Was steckt im Gericht, welche Beilage gehört dazu und was kostet es? Eine gute Speisekarte beantwortet diese Fragen, ohne dass Gäste nachhaken müssen. Sie hilft zugleich der Küche: Was auf der Karte steht, muss sich auch bei vollem Haus zuverlässig zubereiten lassen.

Diese 14 Tipps führen Sie von der Auswahl der Gerichte bis zur fertigen Karte. Mit Formulierungsbeispielen und konkreten Prüfschritten für Druck und Smartphone.

1Passen Sie die Karte an Ihr Restaurant an

Überlegen Sie zuerst, wer bei Ihnen isst und zu welchem Anlass. Mittags möchten viele Gäste schnell ein Gericht mit Preis finden. Wer zum mehrgängigen Abendessen kommt, interessiert sich vielleicht stärker für Zutaten, Herkunft und Zubereitung.

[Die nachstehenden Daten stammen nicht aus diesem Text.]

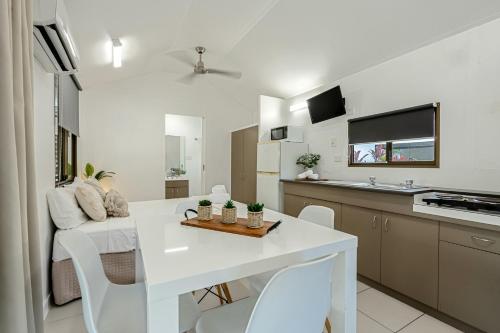 a kitchen and living room with a white table and chairs at Tasman Holiday Parks - Cairns Cool Waters in Cairns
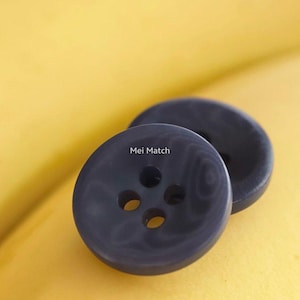 May include: Two round, dark charcoal gray buttons featuring a subtle marbled pattern and four central holes for attachment. The text Mei Match is printed in white on the surface of the front button, which has a smooth, slightly concave center.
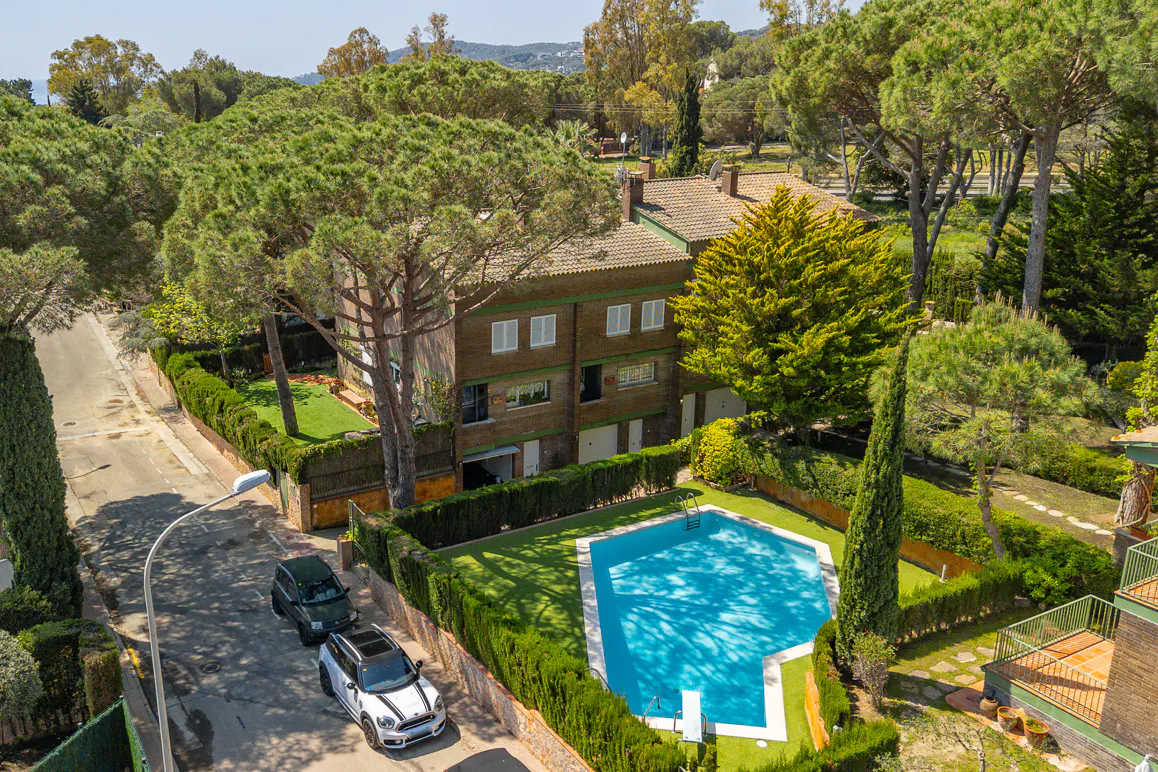 Aerial view of a brick house with a blue pool, green lawn, trimmed hedges, and cars parked on the street.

Schreiben Sie drei Merkmale auf, für die Ihr Restaurant steht, etwa „regionale Küche, saisonale Zutaten, kurze Mittagspause“. Prüfen Sie daran Ihre Auswahl: Passen die Gerichte dazu? Sind die Beschreibungen verständlich? Finden Gäste das Mittagsangebot sofort?

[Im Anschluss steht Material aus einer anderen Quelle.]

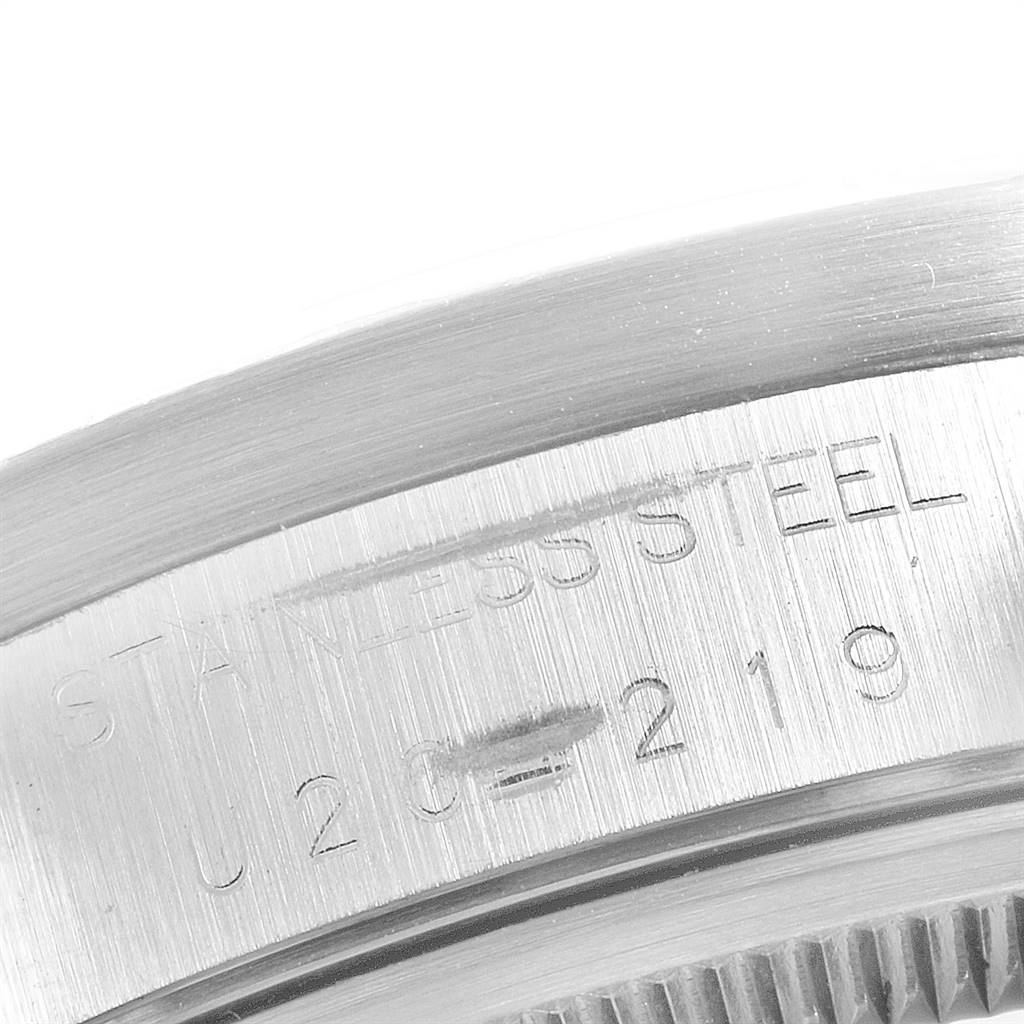 This close-up image shows the stainless steel casing of the Rolex Air-King 14010 Men's Stainless Steel Black Dial 14010 Men's Stainless Steel Black Dial model, focusing on the engraved text.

Fragen Sie auch den Service, welche Rückfragen häufig kommen. Wenn Gäste regelmäßig wissen möchten, ob der Salat als Hauptgericht reicht, gehört diese Information in die Beschreibung.

2Planen Sie das Angebot gemeinsam mit der Küche

Nehmen Sie nur Gerichte auf, die Ihr Team mit der vorhandenen Ausstattung und Besetzung gut zubereiten kann. Eine zusätzliche Position bedeutet auch Einkauf, Lagerung, Vorbereitung und Kontrolle.

  • Welche Gerichte werden häufig bestellt und sollen auf der Karte bleiben?
  • Welche Zutaten lassen sich in mehreren Gerichten verwenden, bevor sie verderben?
  • Welche Speisen beanspruchen bei hohem Andrang dieselbe Herdplatte, Fritteuse oder Arbeitsstation?
  • Welche saisonalen Angebote können Sie ergänzen, ohne die gesamte Karte umzubauen?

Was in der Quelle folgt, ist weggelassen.